Simple influence is not enough. The influence must be by argument or persuasion. I would say informing jurors of their powers as jurors is not making an argument or attempting to persuade. “The cafeteria has milk and coffee.” A statement of fact not attempting to argue in favor of or persuade a person to consume milk or coffee.
You seem to be saying that whether it is speech or not is not for the jury to decide. I don’t think the determination if the venire were jurors is sufficient to conclude on that claim. Even if the venire were jurors, which I don’t think they were, as I said above, whether Wood was exercising improper speech is key. Whether what Wood was doing was improper speech is a question of fact for the jury. That was an error by the judge that can be reviewed on appeal.
This is also an answer to (b).
I would go further and say even if Wood knew exactly who the precise jurors were, and gave them flyers that were informational in nature without advocating, arguing, or attempting to persuade a particular outcome, then that would also not be jury tampering. Even if he wrote down in an affidavit prior to traveling to the courthouse that he hopes his information will push the jury one particular direction, if all he is doing is handing out an informational flyer I would acquit.
No. My contention is that you will have violated a possibly unconstitutional statute and I will not have. Even if the statute is constitutional, you will not go to jail unless you collude with the police and prosecution to ensure your own conviction, because it would be almost impossible to prosecute successfully. Nevertheless, you will, in fact, have broken the law, and I will not have. If it doesn’t make sense, get the law changed.

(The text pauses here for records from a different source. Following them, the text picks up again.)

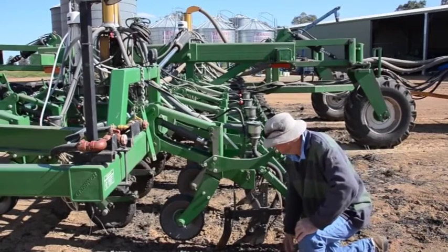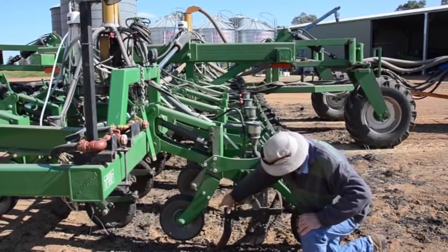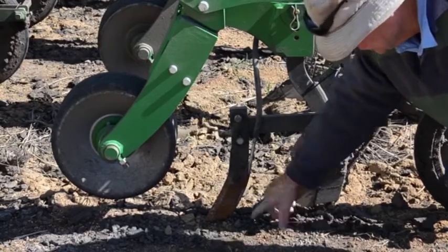On his zero-till controlled traffic system, Mr Bardsley uses anhydrous ammonia knives placed closely to his sowing row. He's careful the gas doesn't interfere with the seed, as that can limit crop growth and prosperity.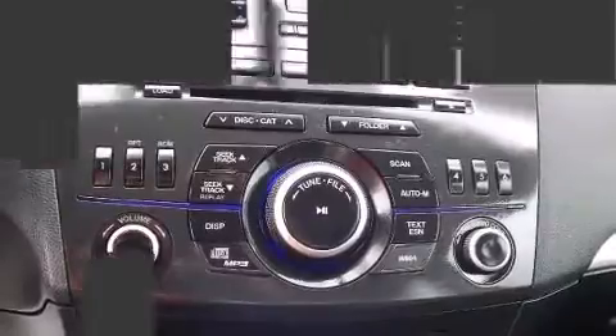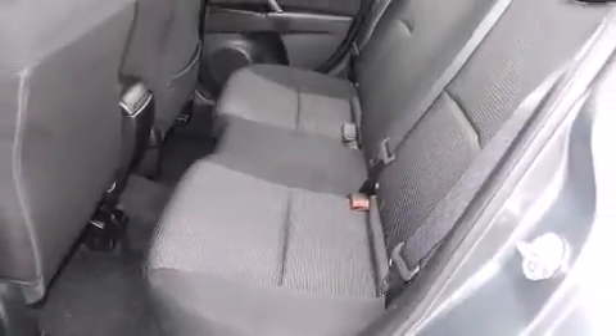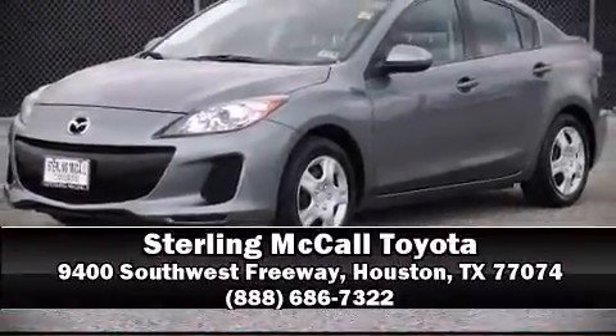It also arrives with a Carfax history report indicating just one previous owner. Stop by our dealership or give us a call for more information.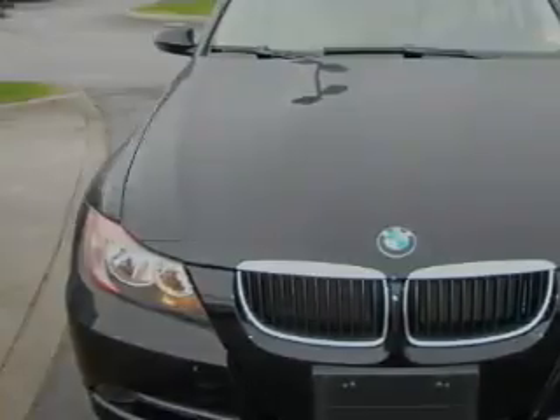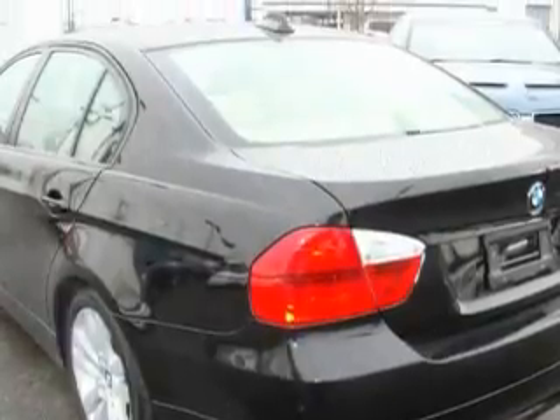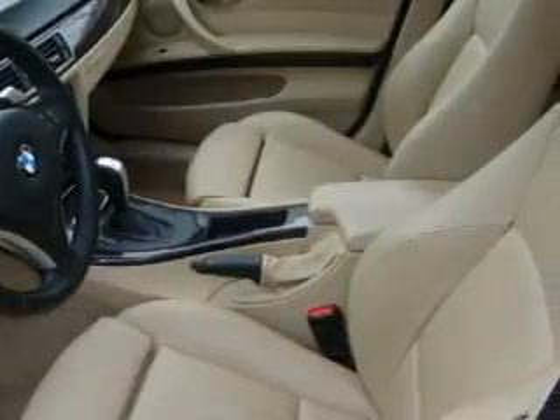Complementing this BMW's contemporary styling is a stunning array of desirable features which include a power sunroof, air conditioning with automatic climate control, a CD player, a low tire pressure indicator, a stability control system, and this vehicle has fewer than 17,000 miles on the odometer.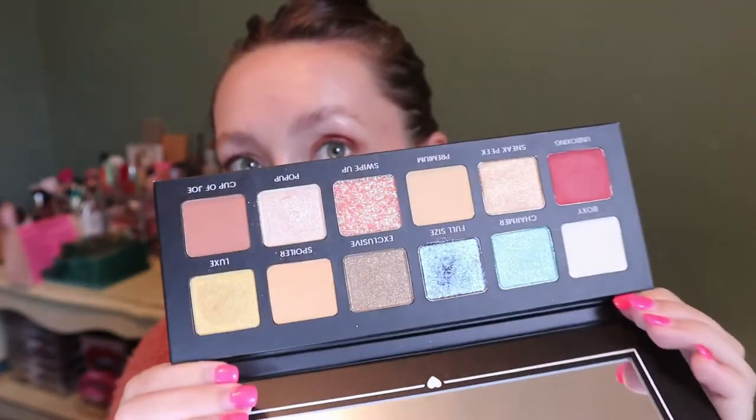This one is a Boxycharm palette called Hello Charmer. I honestly love how it looks — it has some really fun shimmery shades and a nice range of colors — but I never reach for it. I've heard the quality isn't great, but that might just be people being annoyed about getting a Boxycharm brand palette in their Boxycharm. I need to try it for myself. I've barely even touched it, even though it looks like I might have swatched some of the shades.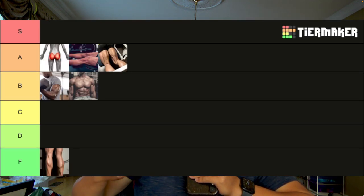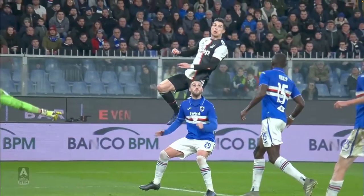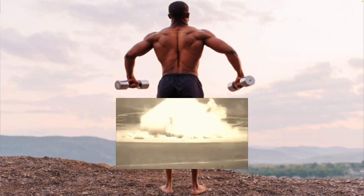Moving on to A tier, we have all the major leg muscles except for the calves — the quads, the hamstrings, and the glutes. What makes them rank so highly is not so much their contribution to aesthetics, but because if you lack any of these muscle groups, you will look weak and stupid — like you skipped leg day. Having a big upper body but tiny legs will absolutely ruin your physique no matter how good your upper body is. Having athletic, muscular legs shows you are capable of running, sprinting, changing direction, and jumping, which signals athleticism and physical competence. However, leg muscle groups are not S tier because they do not contribute to the overall shape of your body.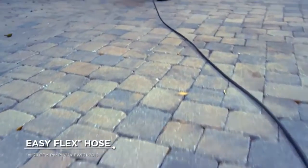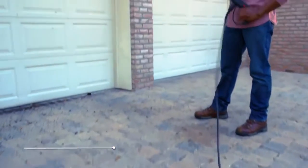The EasyFlex hose delivers top performance — 3100 Max PSI to those hard-to-reach places — and doesn't kink under pressure.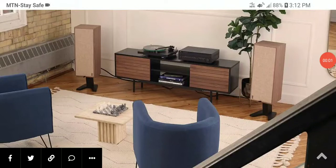PSB Audio is celebrating their 50th anniversary by releasing their Passive 50 speakers — very high-end, very well made. If you're looking for retro-looking speakers, this could be for you.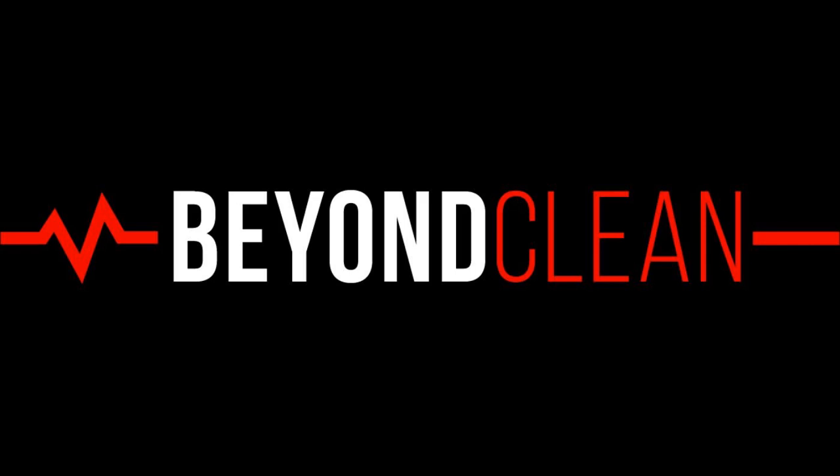This Beyond Clean Articles on the Go feature is titled, 'Don't Let Vendors Monopolize Your Storage Space: How to Get Your SPD Out of Consignment Jail.' Written by Hank Balch, founder and president of Beyond Clean.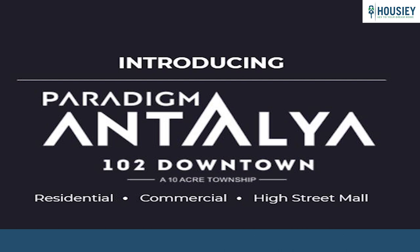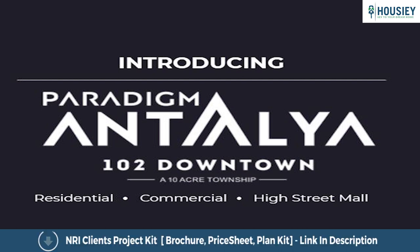So everyone, this was the 1BHK and 2BHK sample flat tour of Paradigm and Tilia by Paradigm Realty in Oshivara, Mumbai. Bye.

ETA in light of Bone’s post: I am assuming that the content of the article would, if presented directly to an individual empaneled juror on a particular case, count as “argument or persuasion.” I don’t know what standards the courts have used for those terms.
Yay. The fascism of the court system is even worse than I thought. God damn it! It’s called freedom of speech. Good luck finding out I did anything, because it’s clearly not moral to go along with the law on this. I’m going to inherently do the opposite of what I’m told as long as you try to force me you do not have the right to do.
That’s why I support nullification. The entire court system is set up where it takes away the rights of those involved. A judge can throw you in jail for being rude. Jurors have their constitutional rights taken away from them, talking with other people, reading things from the press, etc. It’s government violating the first amendment.
I want the system to break down until they fix these horrible, horrible laws that take away the rights of the citizens. It’s why I do not trust lawyers to be ethical by default, since they are part of this system which set up special laws for the inferior jurors who lose their rights as citizens temporarily just because they are part of the court proceedings.
A U.S. court should be a celebration of our rights, not the abridgment of them.
A law that can’t be enforced is entirely meaningless. It is already broken in its existence.
And getting the law changed is not possible outside of nullifying the hell out of everything, because the entire system is built up around an elite class who is superior. That’s why jurors get the shaft, while lawyers get to knowingly argue what they know isn’t true out of some misplaced duty to something other than justice.
I am not sure. Let us say you know the guy being tried. And you like him. But you dont divulge this, and vote him Not Guilty. Can you be punished if this is found out?
Typically yes, because the typical juror questionnaire would ask if you were acquainted with either party, and those answers are given under the penalty of perjury.